Family Structure: Reviewed the concept of family structure.
Historical Change: Explored how families have changed in the U.S.
Dr. Gleason's Argument: Recalled Dr. Gleason's assertion about a fundamental bias present in every generation.
Historical Shift: Public vs. Private Families
Practice Question: Families historically transitioned from being public-facing to private-facing.
Characteristics of Public Families (Pre-Industrial Revolution):
Marriage was often strategically used to strengthen a family’s position and standing within the community.
Children significantly contributed to the financial well-being and labor of the family unit.
Men often followed in the professions of their fathers or other family members, maintaining craft or trade legacies.
Family members generally remained physically close to home or within the geographical area where they grew up.
Characteristics of Private Families (Post-Industrial Revolution):
Focus shifted to emotional bonds, companionship, and child-rearing within the household (affective individualism).
Marriage became more about personal happiness and love, rather than economic or social alliances.
Children became more of an emotional investment rather than economic contributors.
Increased geographic mobility of families, often moving for work or opportunities, potentially weakening ties to extended family and local community.
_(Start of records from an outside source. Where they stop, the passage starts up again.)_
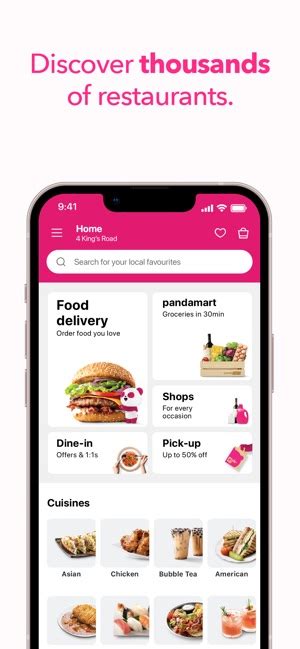 [Updated] foodpanda for iPhone / iPad, Windows PC (2023) 🔥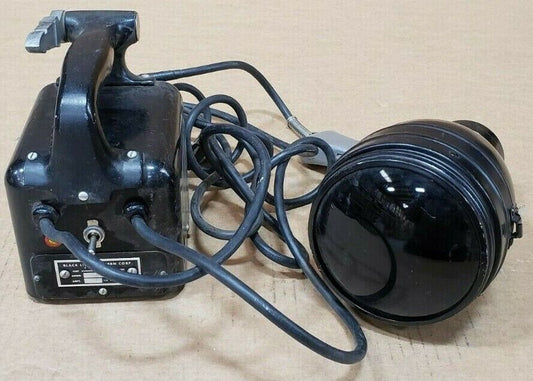 Vintage Retro Black Light Ultraviolet light Longwave UV Lamp and Transformer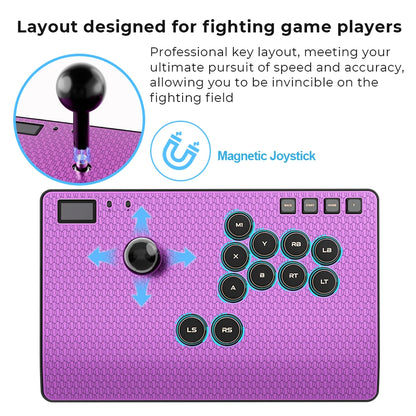 Haute42 C-AS Hitbox Controller con Joystick Integrato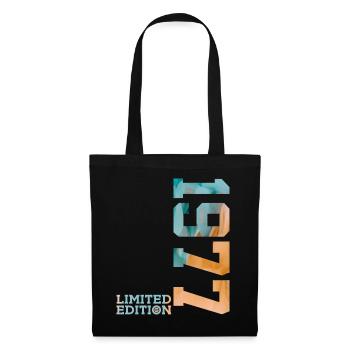 49E ANNIVERSAIRE ÉDITION LIMITÉE 1977 - Sac en tissu - noir - Devant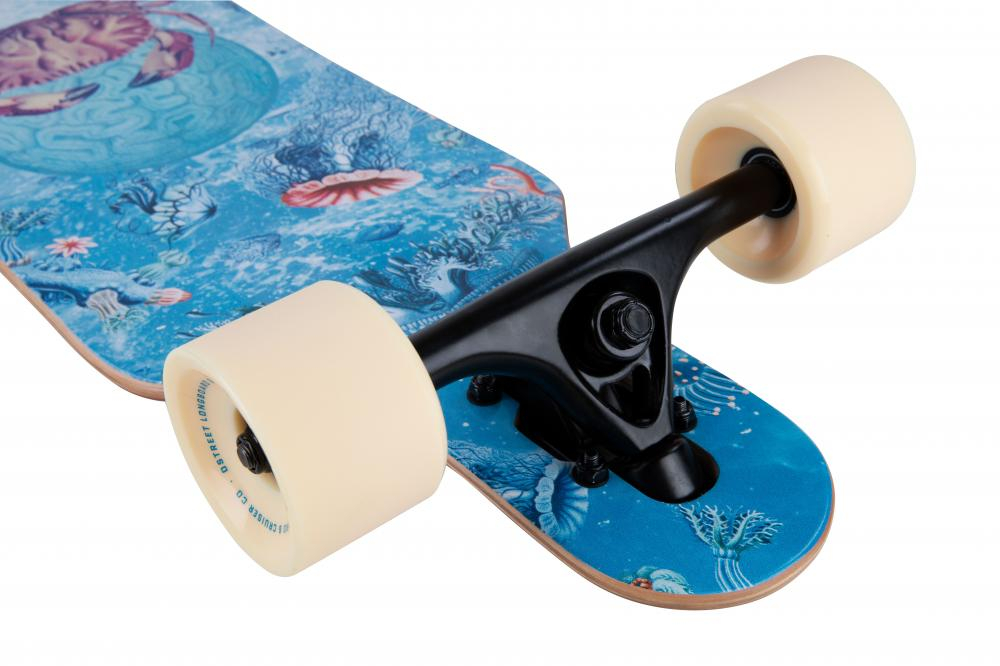 D Street Dropthrough Reef Longboard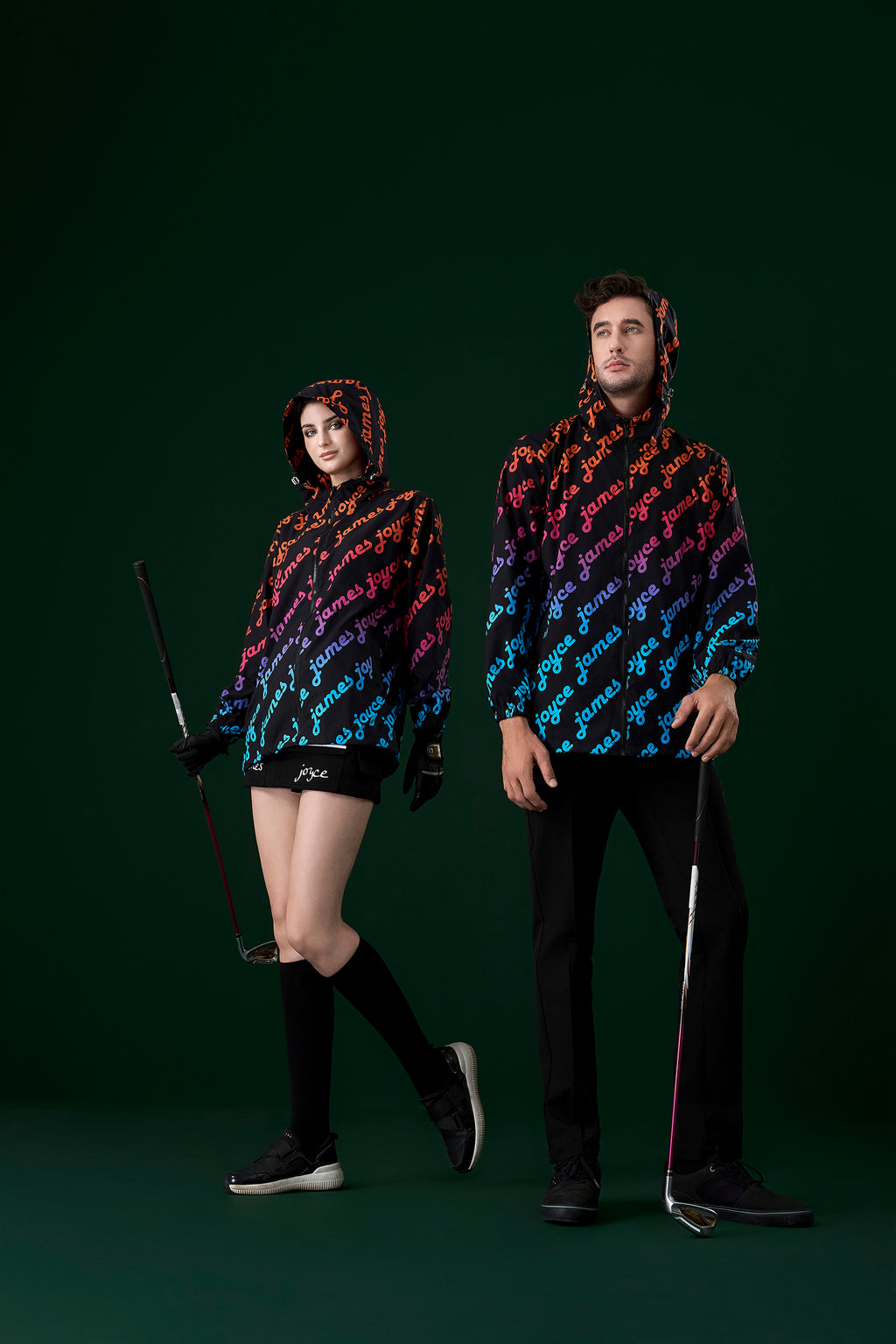 Men FW'23 Rainbow Jacket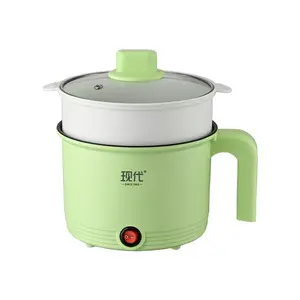 Multifunctional Mini Electric Cooker Portable Hot Pot for Student Dorm Home Noodle Cooking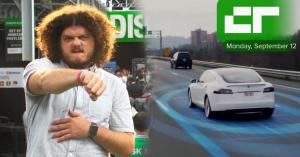 Crunch Report | Tesla Upgrades AutoPilot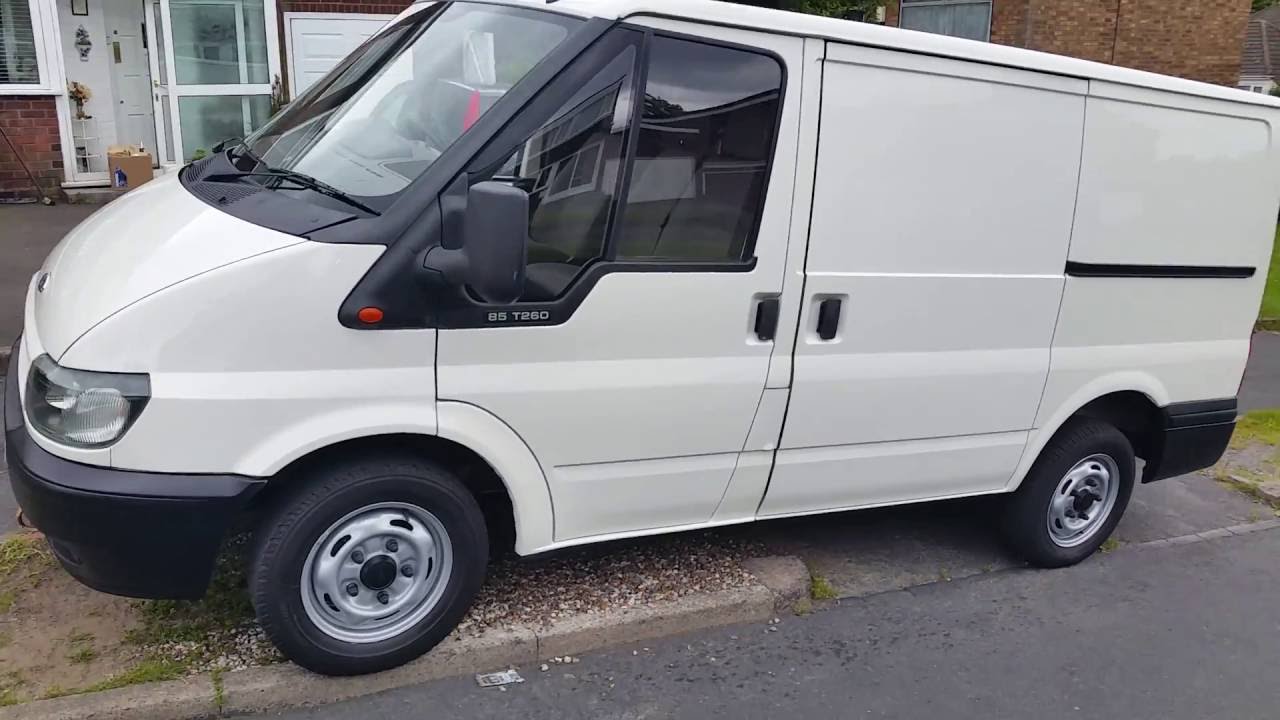 FORD TRANSIT VAN 2004 MODEL WOLVERHAMPTON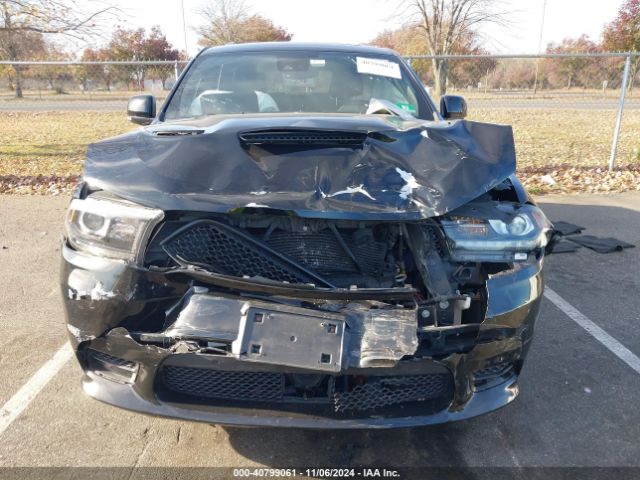 1C4SDJCT8JC291503 Dodge Durango R/t Awd
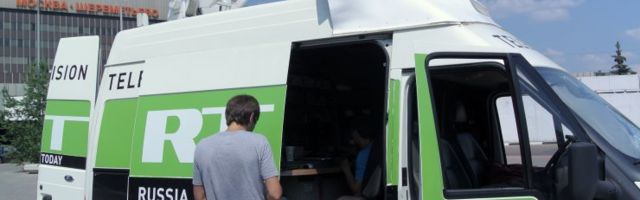 Москва готовит ответ на ограничение вещания RT в странах Балтии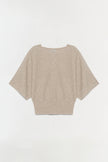 SHAI CASHMERE DOLMAN BOXY TEE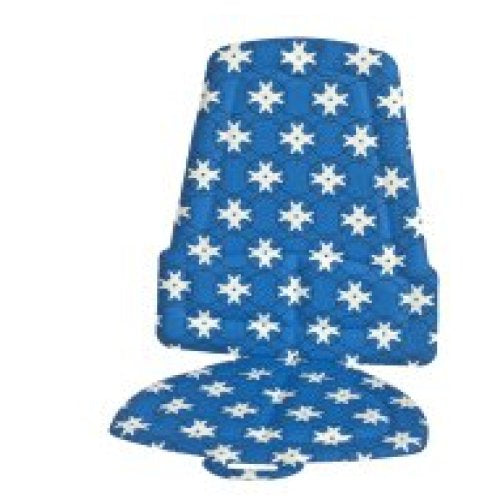 Pièce de siège enfant Bobike. sellerie arrière allstars bleu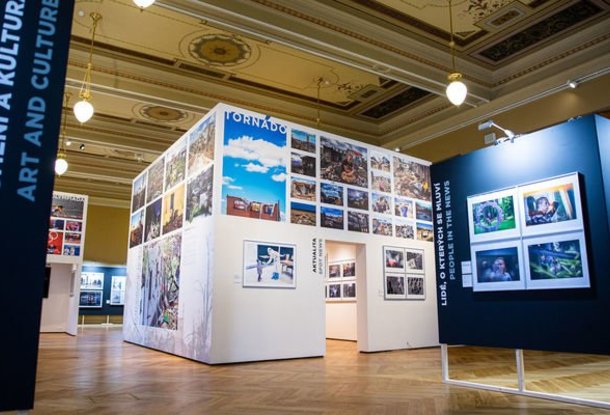 Выставка Czech Press Photo в Национальном музее Праги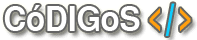 CóDIGoS Css html - Recursos Webmasters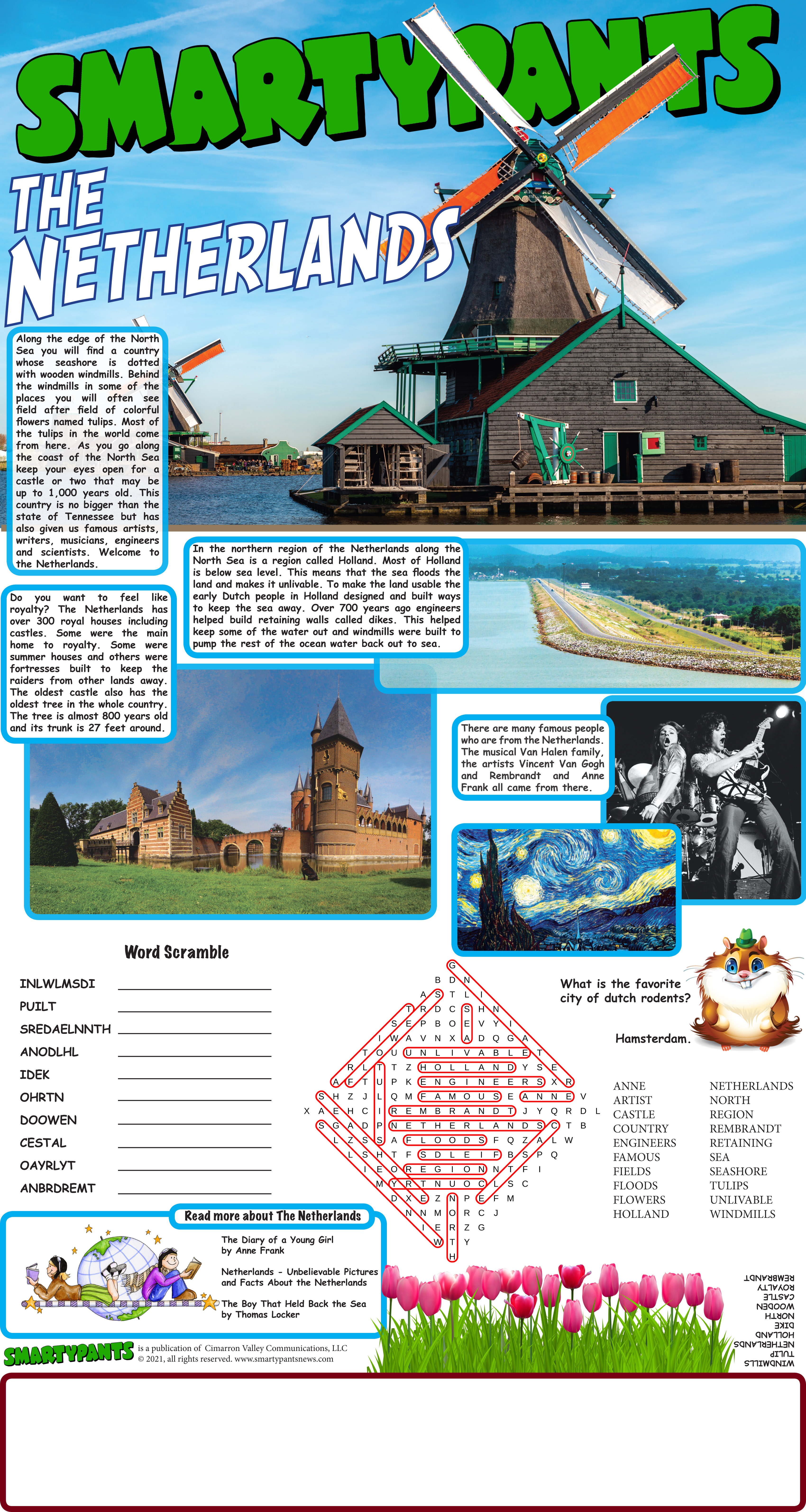 The Netherlands Answers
The 'Golden Age' of the Nuclear Family (Mid-20th Century Idealization)
Often idealized as a period (roughly 1950s-early 1960s) where the nuclear family was seen as the norm: a breadwinner father, a homemaker mother, and children. This ideal was largely promoted in media and policy.
Characterized by rising marriage rates, lower divorce rates, and relatively stable family structures, though this ideal often overlooked the complexities of diverse family forms and existing social inequalities.
This period reflected the peak influence of the private family ideal in public discourse, despite its limitations and the reality for many families who did not fit this mold.
Current Family Trends
Key Trends:
Declining Marriage Rates: Fewer people are getting married, and those who do are marrying later in life, contributing to a historical shift in household composition.
Rising Age at First Birth & Pregnancy Trends: Women are generally having children at older ages. This trend is linked to increased educational attainment, career focus, and access to family planning. There's also a declining overall fertility rate.
Increase in Non-Marital Births: A growing proportion of children are born to unmarried parents, reflecting changing societal norms around cohabitation and single parenthood.
Diverse Family Structures: An increasing variety of family forms including cohabiting couples, single-parent households, blended families, same-sex parent families, and multi-generational households.
Assisted Reproductive Technologies (ART): Growing use of IVF, surrogacy, and other technologies are changing paths to parenthood and expanding family formation options.
Changes in Family & Work Balance: More dual-earner households face challenges in balancing paid work with family responsibilities, leading to new dynamics in childcare and domestic labor distribution.